In the film, Hugh Glass (Leonardo DiCaprio) is a scout for trappers employed by the Rocky Mountain Trading Company. In the opening sequence, we learn that Glass was married to a Pawnee woman who was killed by soldiers and who is raising a son named Hawk (Forrest Goodluck).  The scene then shifts to the trader’s campsite where the men are attacked by warring Arikara Indians. The tribe, whose numbers had recently been decimated by smallpox, was eager to trade pelts for horses and rifles but bore the scars of the white man’s encroachment on their land. In the attack, the trappers suffer heavy casualties and only a few are left alive besides Glass: Captain Andrew Henry (Domhnall Gleeson), Hawk, young hunter Jim Bridger (Will Poulter) and frontiersman John Fitzgerald (Tom Hardy), all persuaded by Glass to attempt an overland route back to their Fort Kiowa headquarters.

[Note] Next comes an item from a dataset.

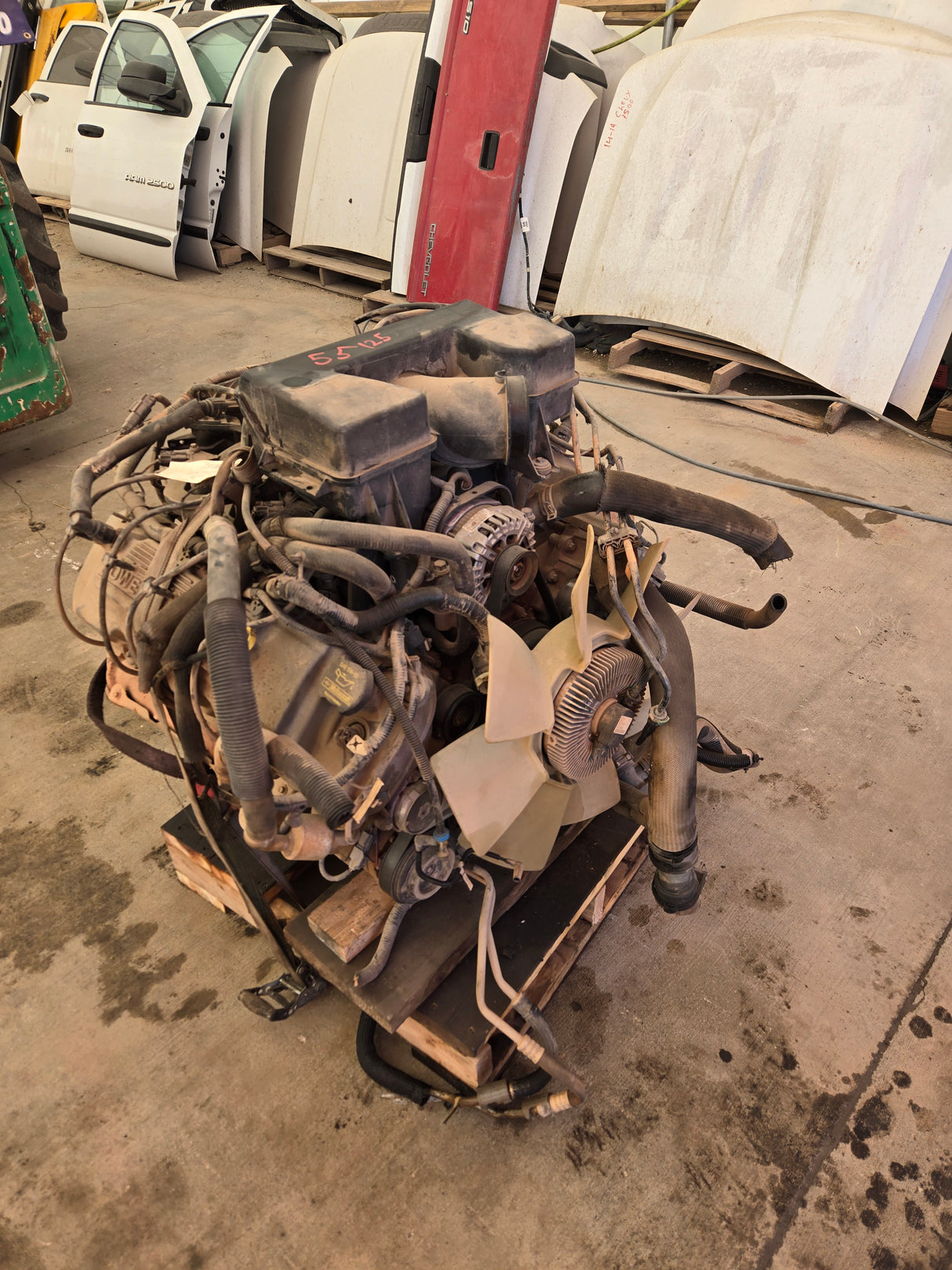 2011-2016 Ford Super Duty 6.2L V8 Gas Engine F250 F350 F450 F550 303k miles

Out hunting for food, Glass is viciously attacked by a bear and, though clinging to life, is buried alive by Fitzgerald who also kills his son Hawk. Though the bear is a CGI construction, the attack is stomach-churning in its gruesomeness and brings the viewer into the middle of an animal attack that has a startling feeling of reality. Amazingly regaining consciousness, Glass crawls through freezing snow and chilling waters to find Fitzgerald and revenge his son’s murder. Surviving on scraps of animal carcasses, he is sustained by mystical messages of encouragement from his dead wife and the help of a Pawnee Indian who ends up being hung from a tree by the French with a sign around his neck saying “We are all savages.”

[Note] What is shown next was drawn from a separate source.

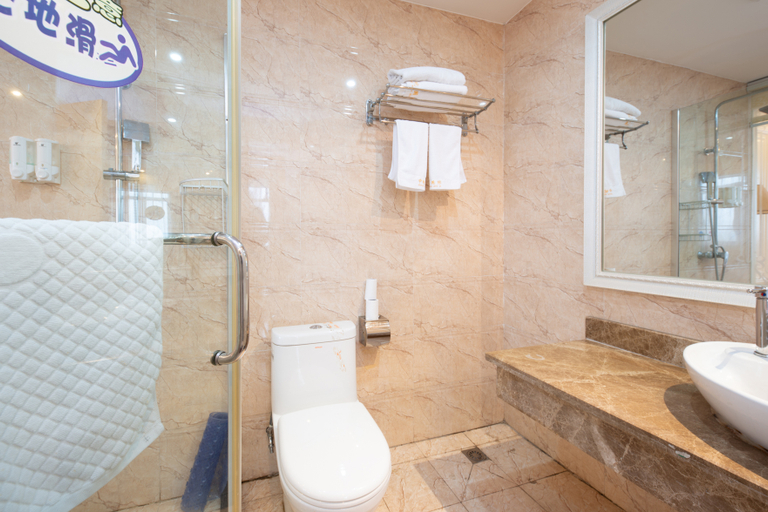 Bathroom, Qianshan Zhongwan International Hotel, Anqing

The Revenant, though not as emotionally involving as it should be, meshes a powerful struggle for survival with elements of spiritual awareness. Unfortunately, however, its spiritual message does not include forgiveness and perpetuates the myth that wrongdoing can only be redeemed by superior force. It is nonetheless a physically stunning film whose natural beauty reminds us of the existence of a land with forests, rivers, and streams that has not yet been, as author Charles Eisenstein put it, “destroyed by development: cordoned off, no-trespassed, filled in, cut down, paved over, and built up.”

Though he has little dialogue, DiCaprio’s performance is one of the best of his long career and worthy of an Oscar nomination, his eyes and body language expressing a fierce determination and strength of will. For Glass, there is only one way out of it and that’s through it. It is a punishing test of endurance both for him and for the viewer.